Task details. The required result is an exact copy of every line from the one with "Letteratura greca vol.1" through the last line below, with the pictures left out.

------ Source data ------

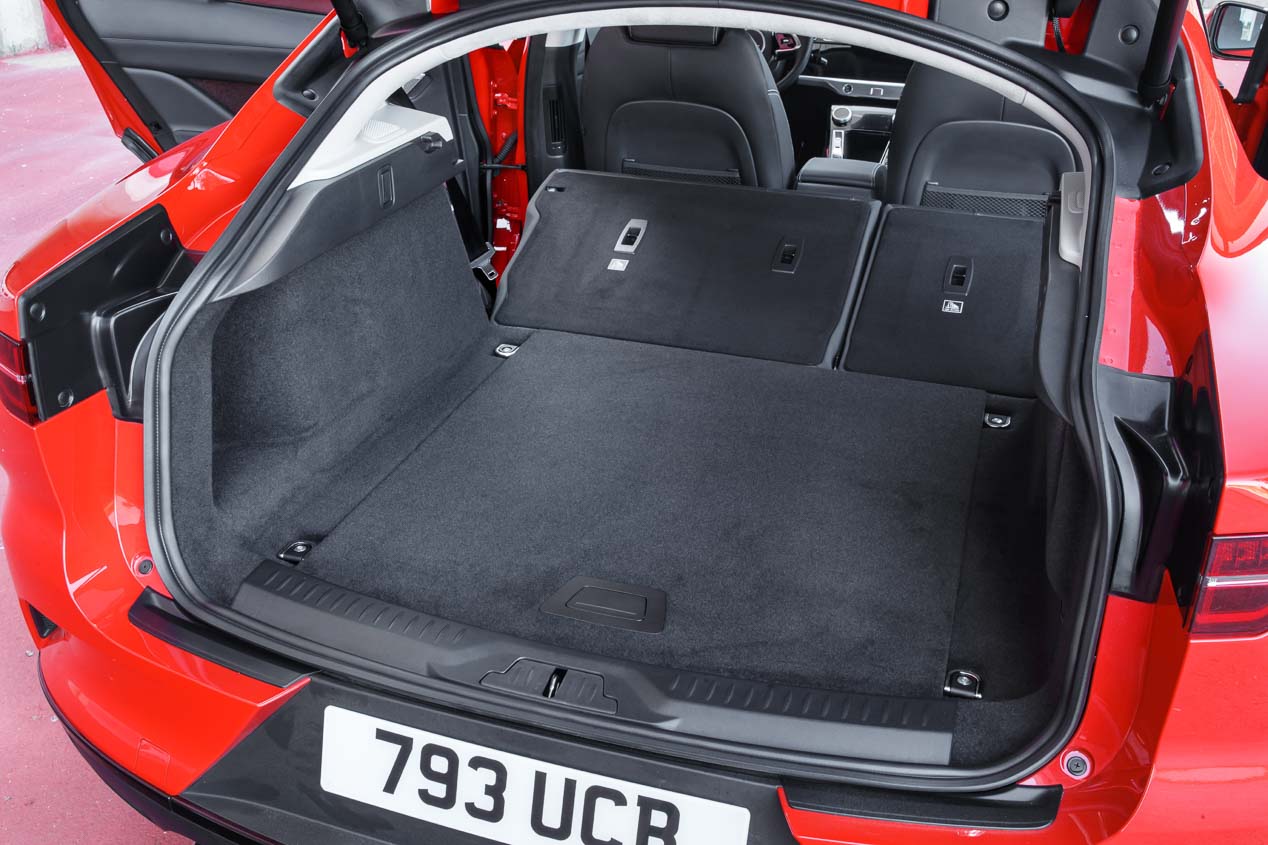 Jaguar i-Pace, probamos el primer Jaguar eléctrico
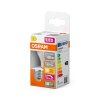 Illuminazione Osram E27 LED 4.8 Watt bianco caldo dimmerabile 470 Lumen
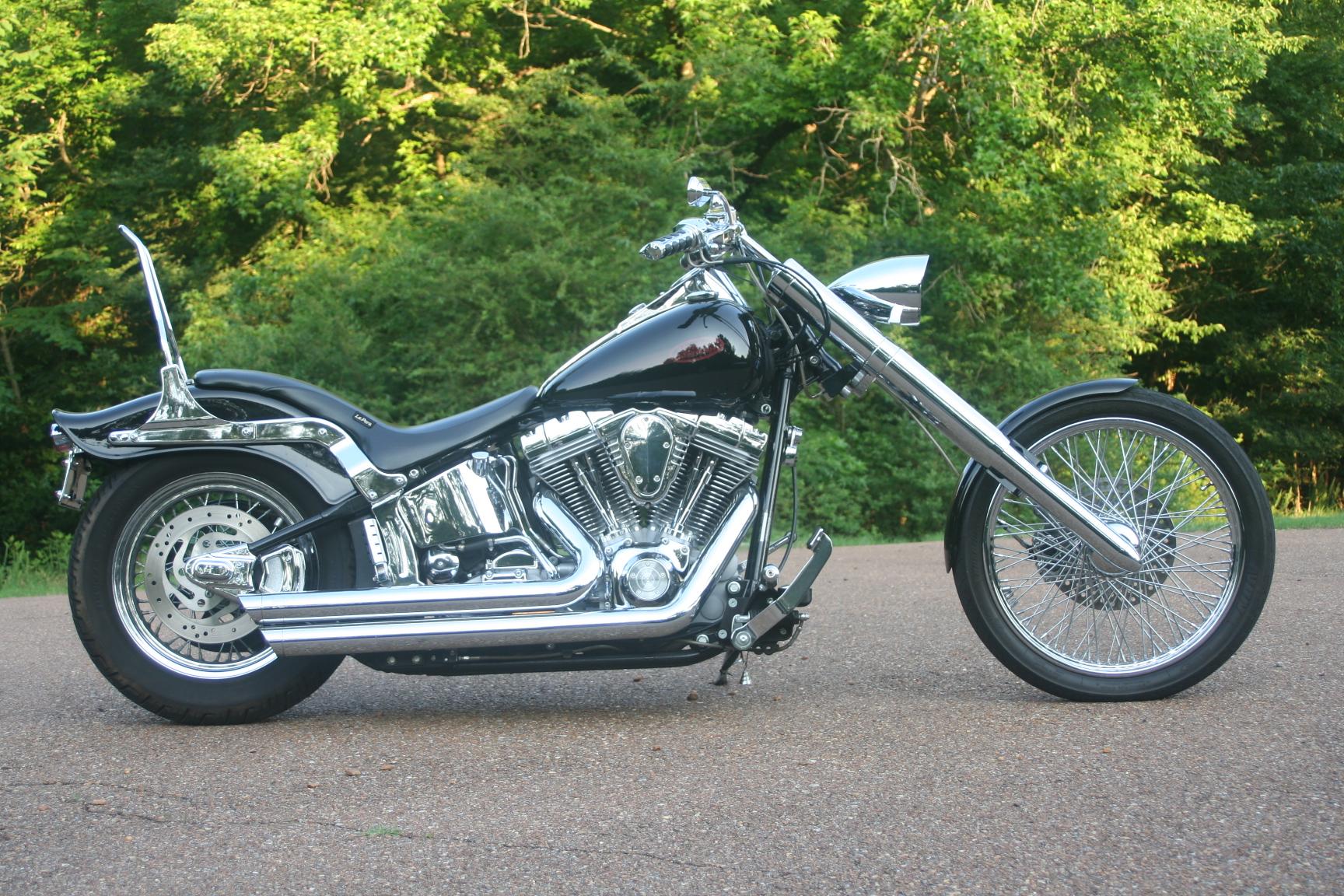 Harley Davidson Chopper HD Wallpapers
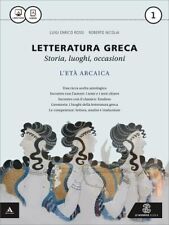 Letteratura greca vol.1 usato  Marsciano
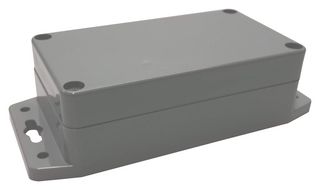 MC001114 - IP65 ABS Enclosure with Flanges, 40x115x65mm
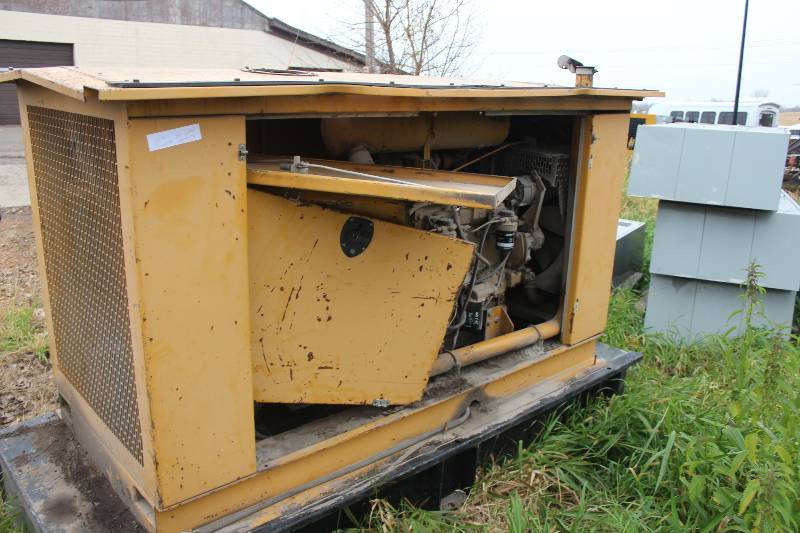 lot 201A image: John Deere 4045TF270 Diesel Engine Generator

------

Solution for this task.
 Letteratura greca vol.1 usato  Marsciano
 MC001114 - IP65 ABS Enclosure with Flanges, 40x115x65mm
 lot 201A image: John Deere 4045TF270 Diesel Engine Generator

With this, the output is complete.